*Instructions to follow*
Set down, exactly and with no pictures, the line that contains "Ultra Racing Mitsubishi" and all lines after it in the listing.

*Records to process*
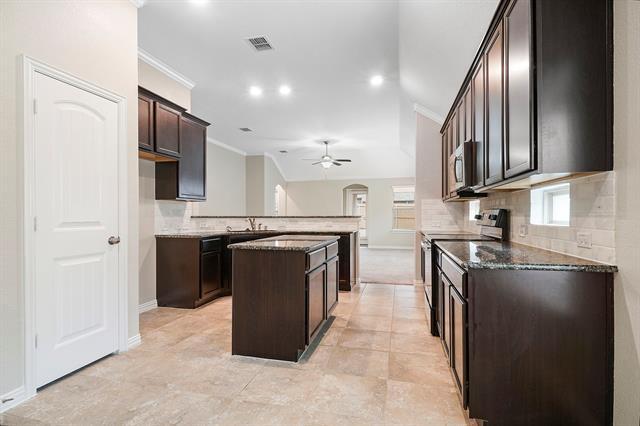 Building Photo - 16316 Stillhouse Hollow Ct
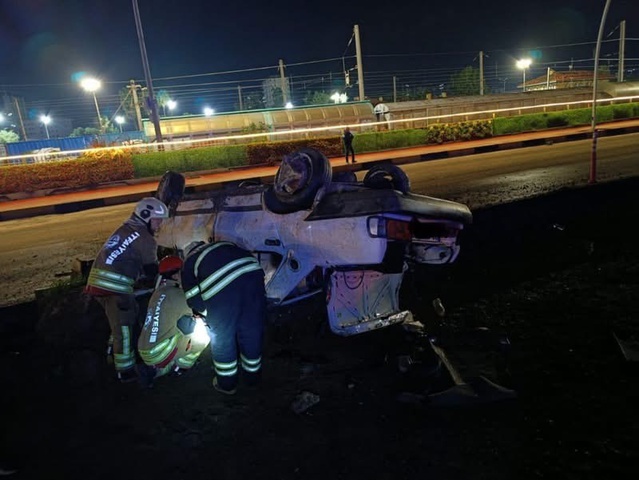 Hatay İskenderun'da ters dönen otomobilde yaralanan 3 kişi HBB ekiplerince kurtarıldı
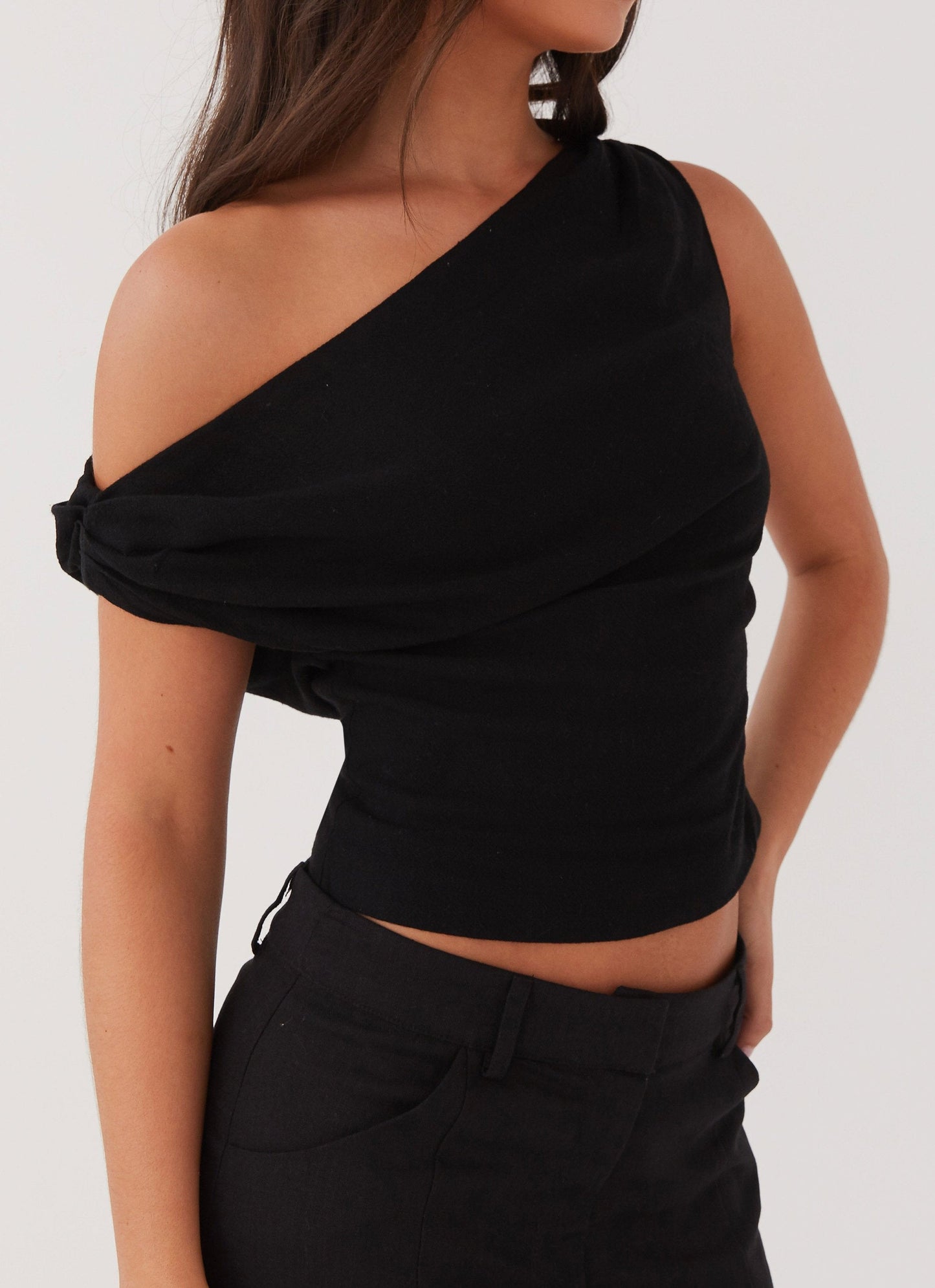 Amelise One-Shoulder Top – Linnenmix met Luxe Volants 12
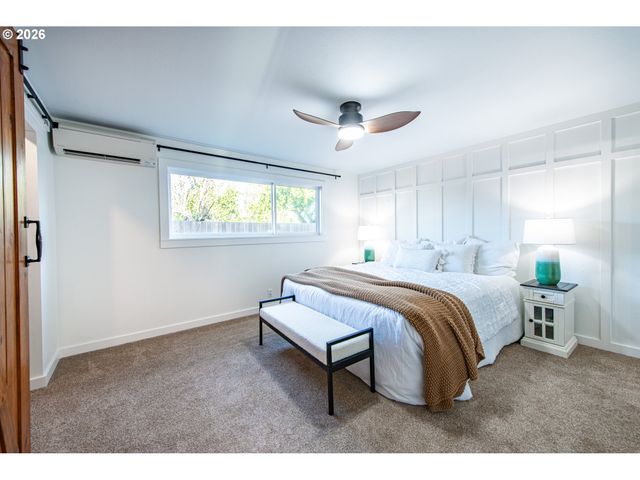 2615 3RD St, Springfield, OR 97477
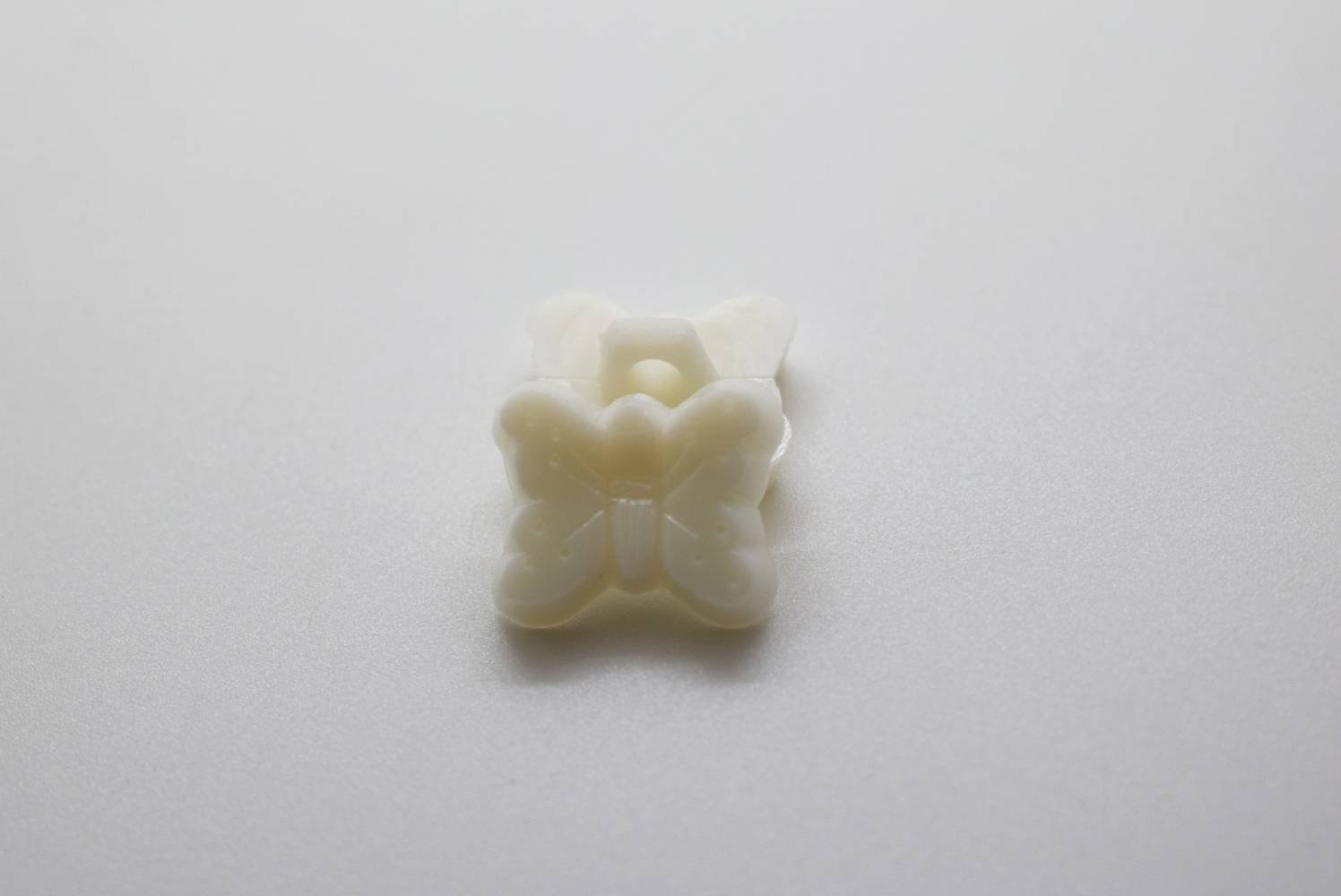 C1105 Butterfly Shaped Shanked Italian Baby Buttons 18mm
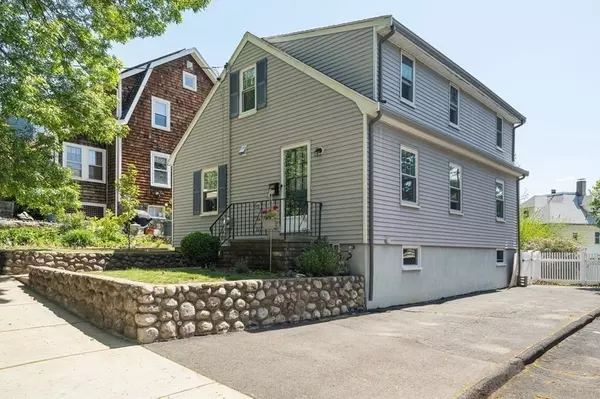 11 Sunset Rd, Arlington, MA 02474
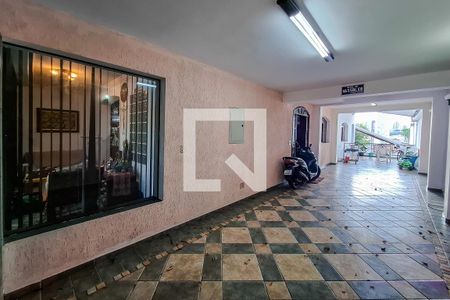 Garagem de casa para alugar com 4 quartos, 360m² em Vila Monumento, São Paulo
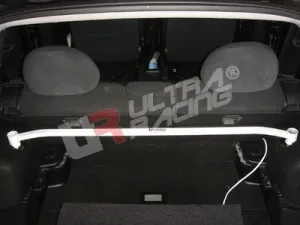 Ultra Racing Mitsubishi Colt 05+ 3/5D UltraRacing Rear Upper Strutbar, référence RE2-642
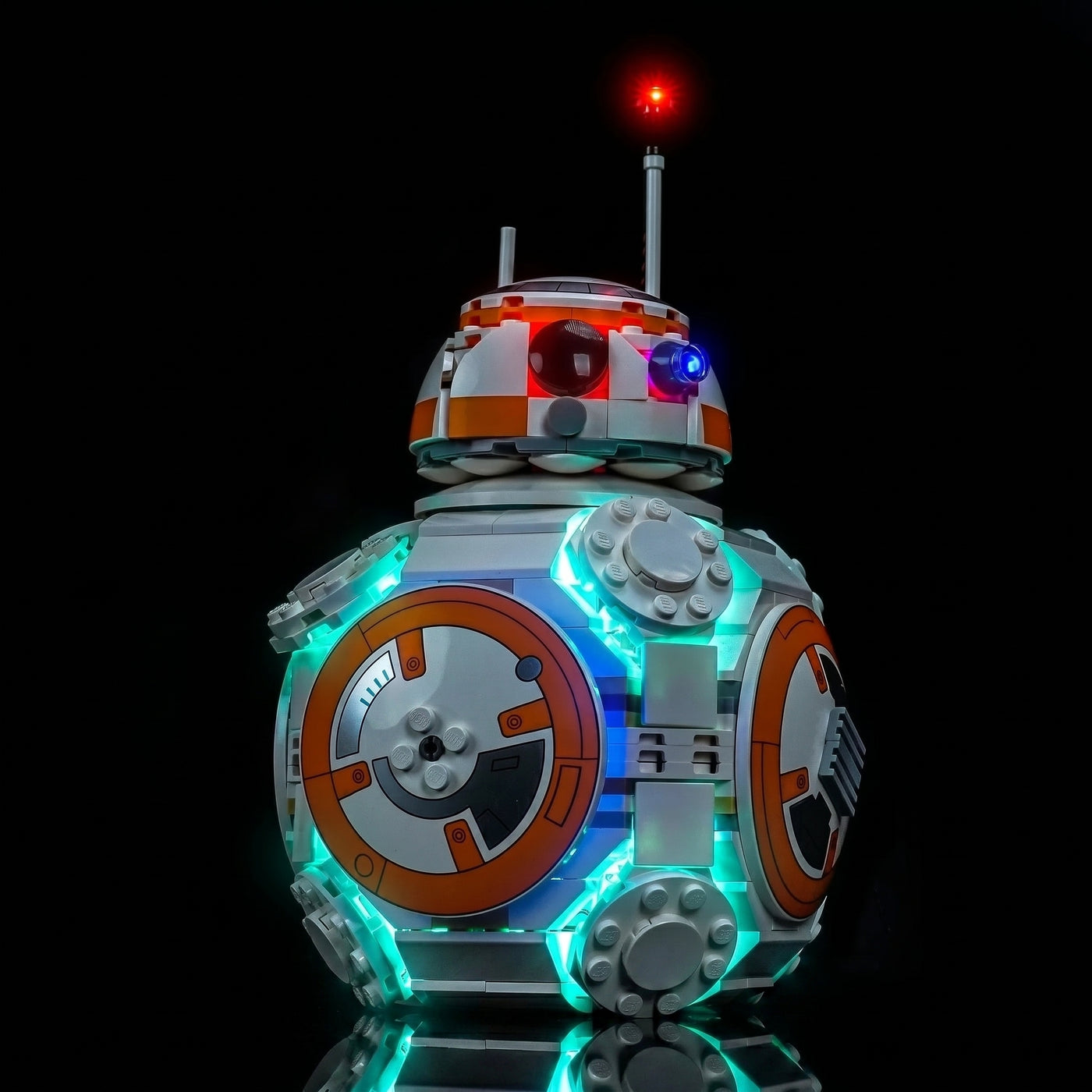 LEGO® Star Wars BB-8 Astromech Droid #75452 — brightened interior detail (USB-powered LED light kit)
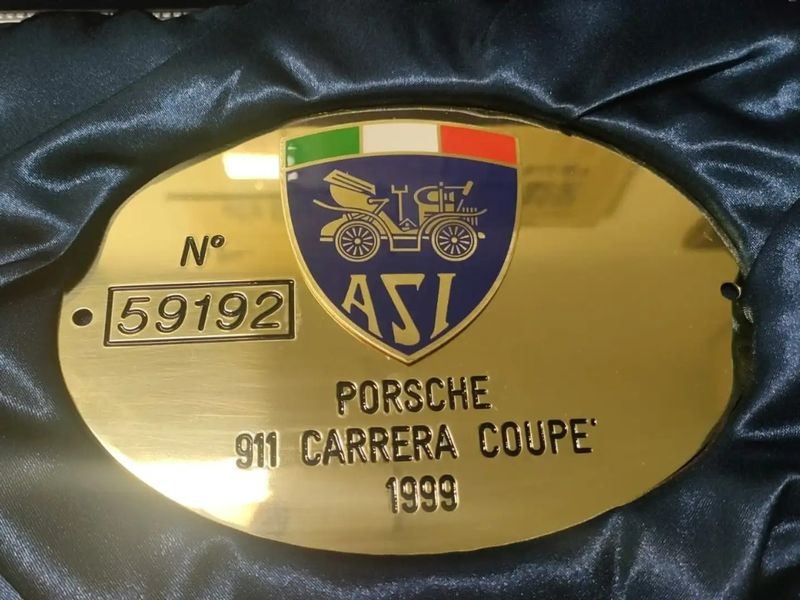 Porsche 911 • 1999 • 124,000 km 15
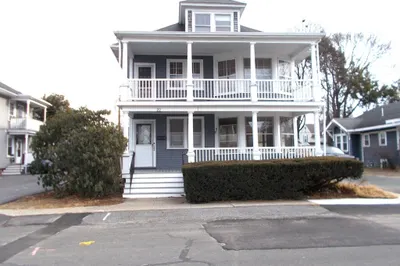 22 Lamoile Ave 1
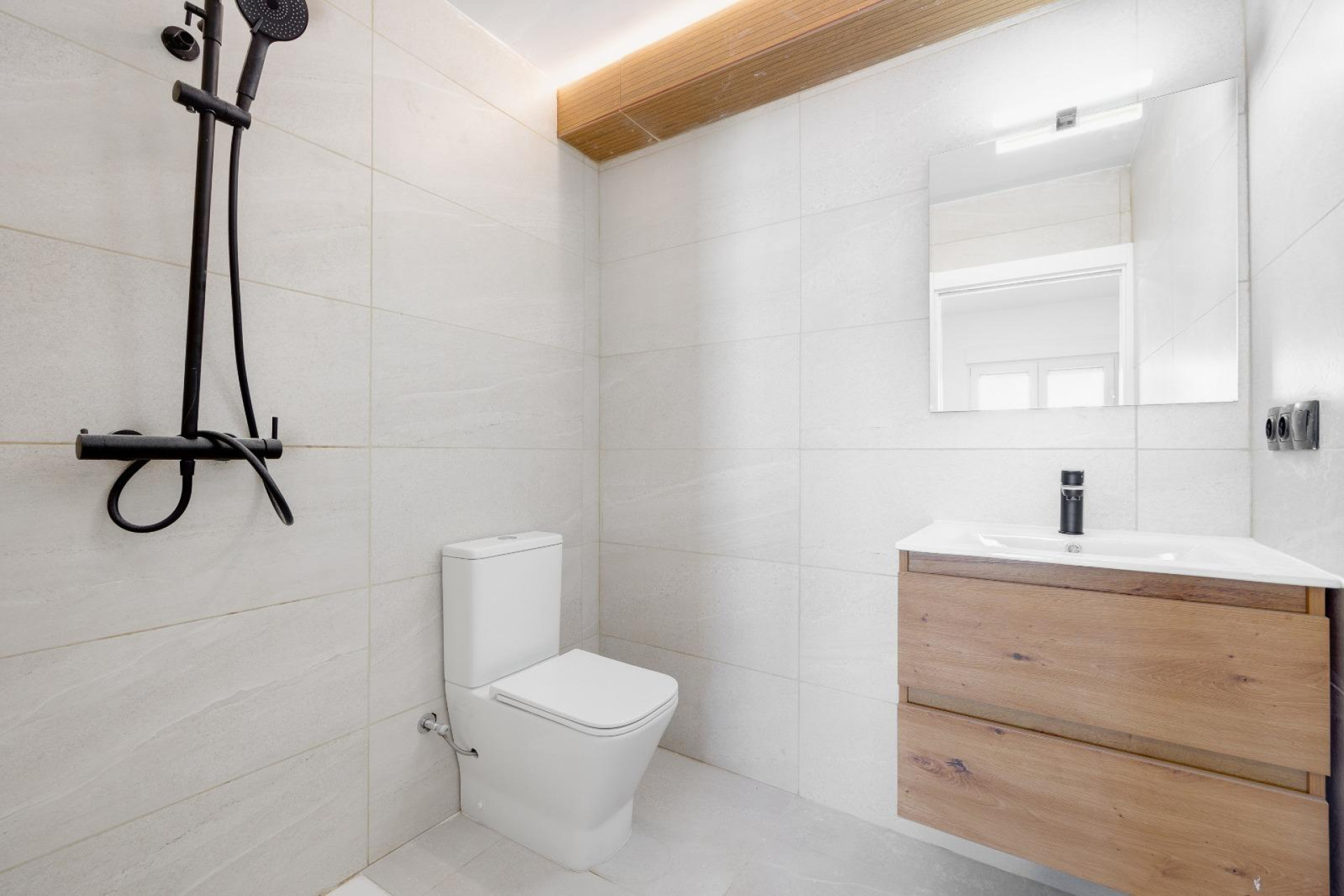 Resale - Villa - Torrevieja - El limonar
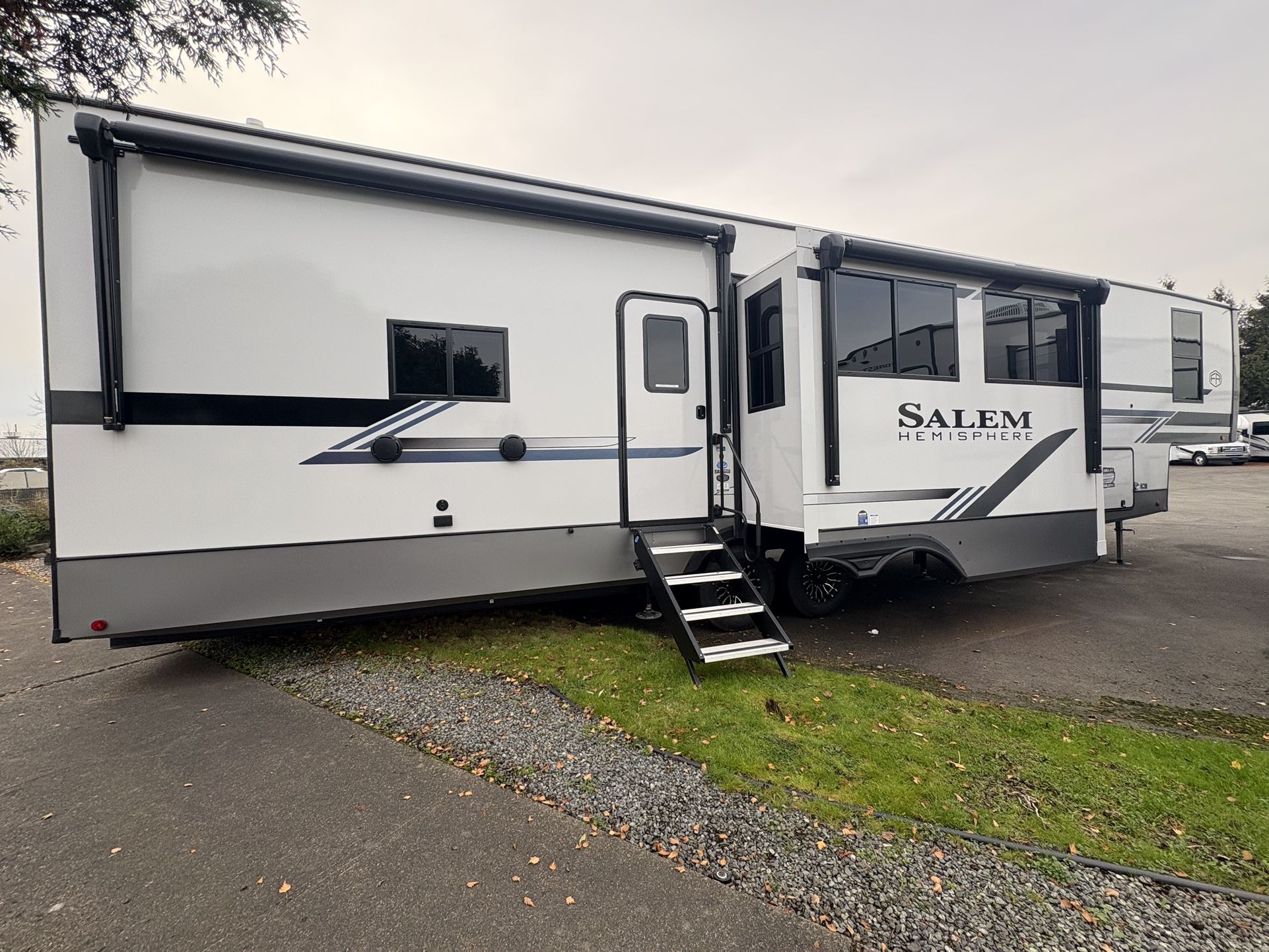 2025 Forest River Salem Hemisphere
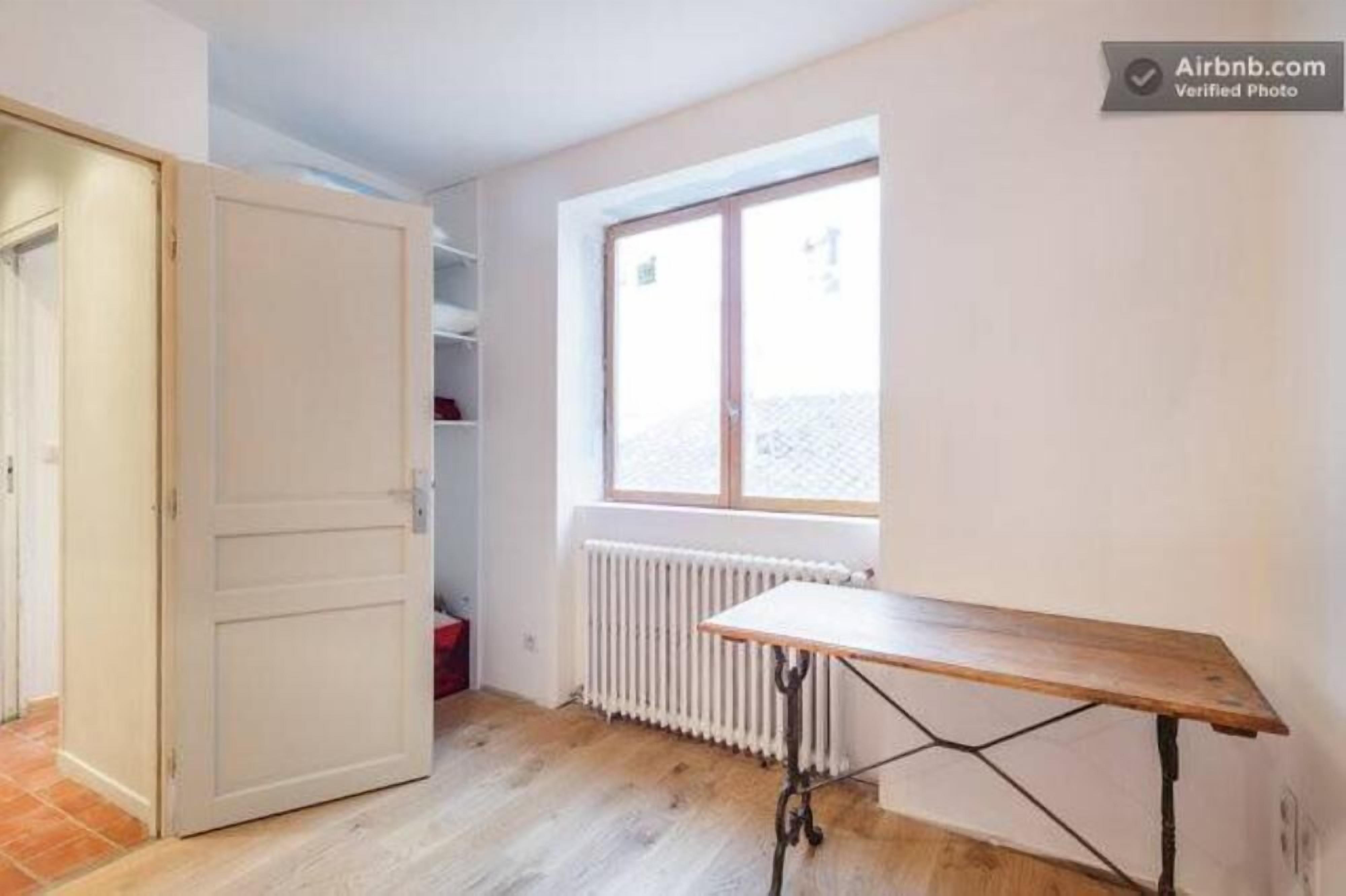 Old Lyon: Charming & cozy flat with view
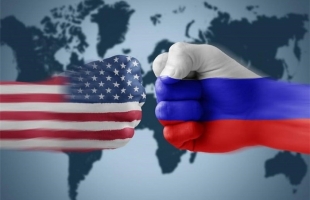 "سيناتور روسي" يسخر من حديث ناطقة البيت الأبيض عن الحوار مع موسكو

*Solution*
 Ultra Racing Mitsubishi Colt 05+ 3/5D UltraRacing Rear Upper Strutbar, référence RE2-642
 LEGO® Star Wars BB-8 Astromech Droid #75452 — brightened interior detail (USB-powered LED light kit)
 Porsche 911 • 1999 • 124,000 km 15
 22 Lamoile Ave 1
 Resale - Villa - Torrevieja - El limonar
 2025 Forest River Salem Hemisphere
 Old Lyon: Charming & cozy flat with view
 "سيناتور روسي" يسخر من حديث ناطقة البيت الأبيض عن الحوار مع موسكو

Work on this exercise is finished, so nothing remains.